A funny thing happened along the way as Canadians decided to start a boycott against American-made groceries. It turns out that so many Canadian food products are made in America that consumers don’t even realize how much is actually coming from their neighbors to the south.

A perceived one-two punch to Canadians delivered from the Trump administration has the “Canada-nice” reputation in jeopardy. The usually easy-going Canadians are downright angry about the tariffs levied on Canadian steel and other products. Then, adding insult to injury, President Trump mocked Canadian Prime Minister Justin Trudeau as “very dishonest and weak” at the G-7 summit in his own country.

A hashtag-worthy movement began as Canadians began calling for consumers to #BuyCanadian, #BoycottUSProducts, and #BoycottUSA. There is a catch, though. Up to 60% of the food on Canadian grocery store shelves is from America. Average Canadian consumers don’t know what products are and are not made in Canada. Not so easy, eh?

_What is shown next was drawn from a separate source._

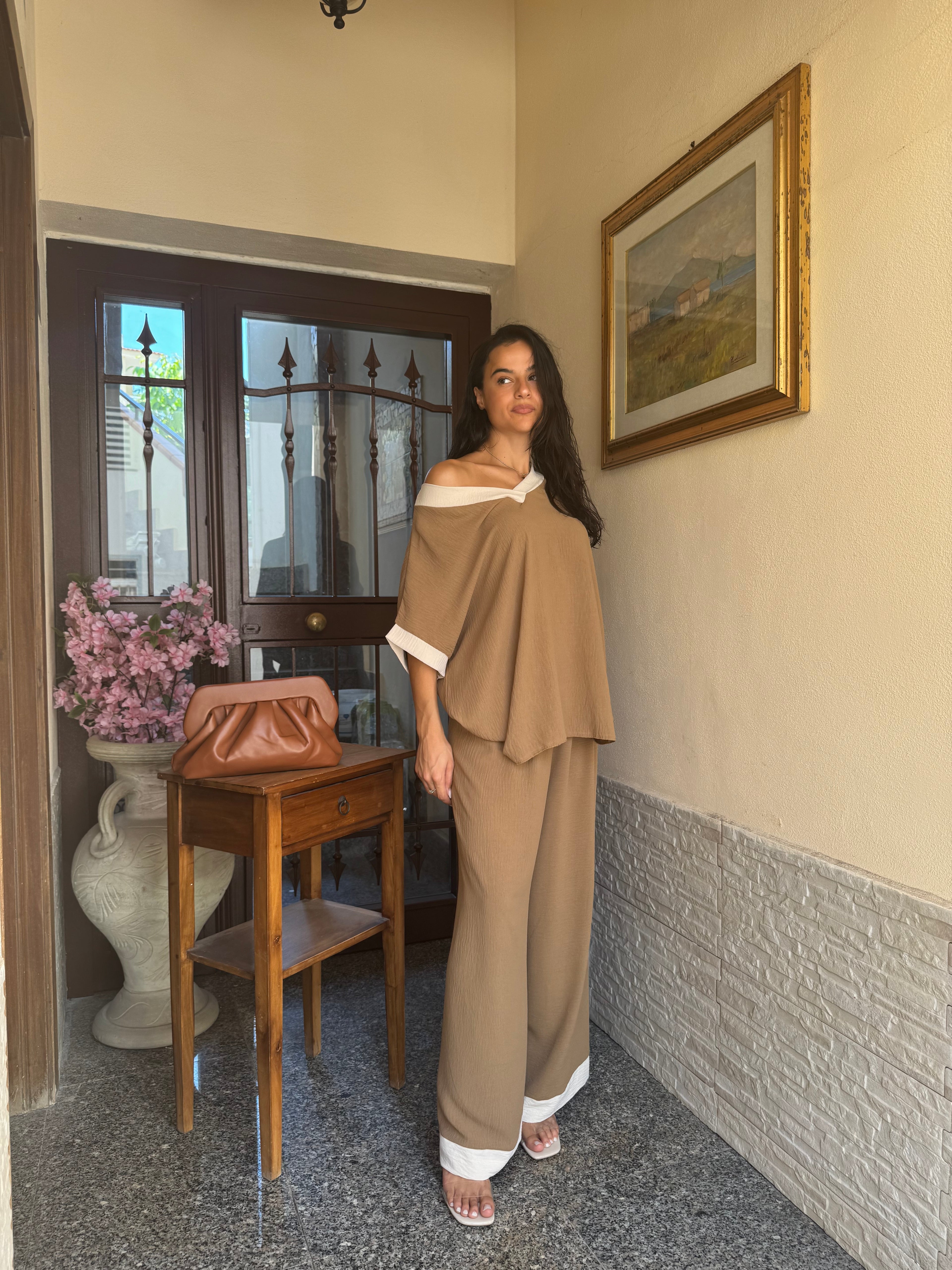 Coordinato comfy marrone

The country is the U.S.’s top export market, taking a little more than 18% of all U.S. goods that are sold abroad. Sylvain Charlebois, a professor in food distribution and policy at Dalhousie University in Nova Scotia, estimates roughly 40% to 60% of food on Canada’s grocery shelves is from the U.S. Closely linked production chains make it tough to determine how much of any given item was produced domestically.

That has left would-be boycotters scratching their heads as they untangle how much of a given product was made or grown outside the country.

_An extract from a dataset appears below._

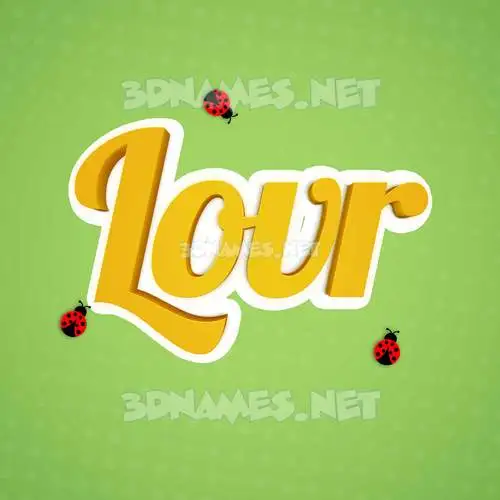 lovr in Ladybugs style - 3D name wallpaper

Even when a food product is technically produced in Canada, the actual food comes from America. For example, sweet potatoes aren’t grown in Canada’s climate so the source of frozen sweet potato fries is America.

Susan Quinn-Mullins, a semiretired communications professional from Burlington, Ontario, said she turned to the frozen-food section of her local grocery store when she couldn’t find Canadian-grown sweet potatoes. Canadian food giant McCain Foods Ltd. makes sweet-potato fries, but the package said the potatoes were grown in the U.S., Ms. Quinn-Mullins said.

“I’m now becoming slightly radical about this,” said Ms. Quinn-Mullins, who skipped the fries and is still on the hunt for Canadian sweet potatoes.

A spokeswoman for McCain said its sweet potatoes are sourced from the U.S., where the climate is better for growing them.

Interesting development there. So far, the boycott efforts aren’t proving very fruitful. The movement is young but the sheer amount of goods exported from America is daunting.

It is difficult to say whether the nascent boycott efforts are having an impact. Goods exports to Canada were up nearly 4% in June from the same month last year, according to the U.S. Census Bureau. However, they were down 1.2% when compared with the previous month on a seasonally adjusted basis.

Some companies have wised up and jumped on the bandwagon to promote Canadian products by displaying the Canadian flag on labels. This is a sound marketing decision. I know that when I lived in south Louisiana, a push for locals to buy authentic Cajun products spurred companies to label their products as such on labels. For me, it helps when I shop for frozen crawfish, for example. Chinese crawfish importers can have very deceptive labeling. I buy crawfish from the Gulf of Mexico, not China.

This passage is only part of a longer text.